Unidentified Gunmen Kill ISIL-Appointed Governor in Ramadi
(FNA)- The so-called ISIL governor of the Iraqi district of Heet was killed after unidentified gunmen stormed his compound in Anbar province.
According to local sources, a group of unknown armed men launched a low-key operation against the hideout of Abu Talha, a Saudi national who called himself the governor of Heet, and killed him along with dozens of other Takfiri militants.
The source added that the gunmen claimed the lives of the ISIL terrorists using handgun suppressors.
Earlier, Iraq confirmed that a senior ISIL leader Abu Alla Al-Souri was killed in military operations in the Nineveh province on Tuesday.
Al-Souri was in charge of ISIL's liaison affairs between Mosul and the city of Raqqa in Syria.
Four other ISIL terrorists were also killed along with Al-Souri.
On Saturday, another senior ISIL leader was killed in clashes with rival Al-Nusra Front terrorist group in Al-Qalamoun region in Syria.
Abu Bakr al-Raqawi, who was in charge of ISIL's intelligence affairs in Al-Qalamoun region, was killed in heavy clashes between the two main Takfiri terrorist groups in al-Flita region in al-Qalamoun.
Al-Raqawi was from Reqqa, a region in Northern Syria, who joined the Free Syrian Army (FSA) with the outbreak of the crisis in Syria in March 2011. After almost all FSA members defected to other terrorist groups, Al-Raqawi joined Al-Nusra Front; but he later changed his decision once again and joined ISIL recently.
The ISIL Takfiri terrorists currently control shrinking swathes of Syria and Iraq.

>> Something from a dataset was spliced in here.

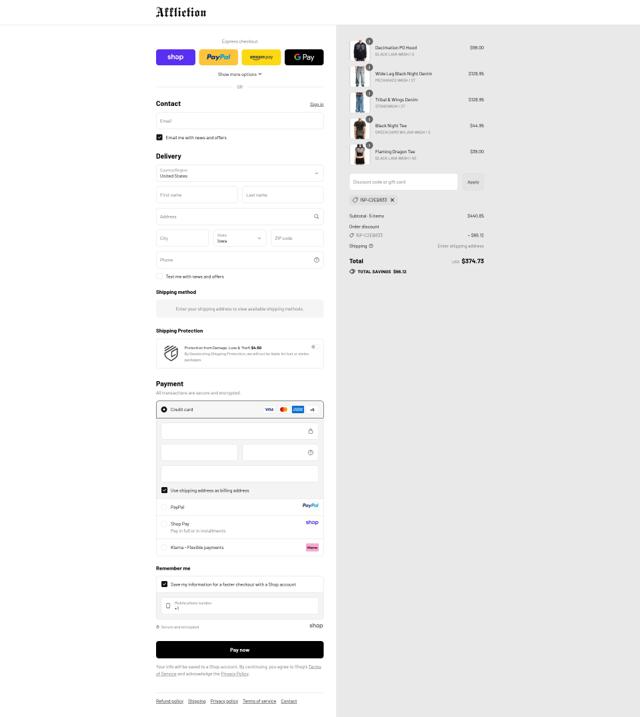 Affliction Clothing checkout page showing Affliction Clothing promo code box | Screenshot taken by SimplyCodes community member on Sep 12, 2025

They have threatened all communities, including Shiites, Sunnis, Kurds, Christians, Ezadi Kurds and others, as they continue their atrocities in Iraq.
Senior Iraqi officials have blamed Saudi Arabia, Qatar, and some Persian Gulf Arab states for the growing terrorism in their country.
The ISIL has links with Saudi intelligence and is believed to be indirectly supported by the Israeli regime.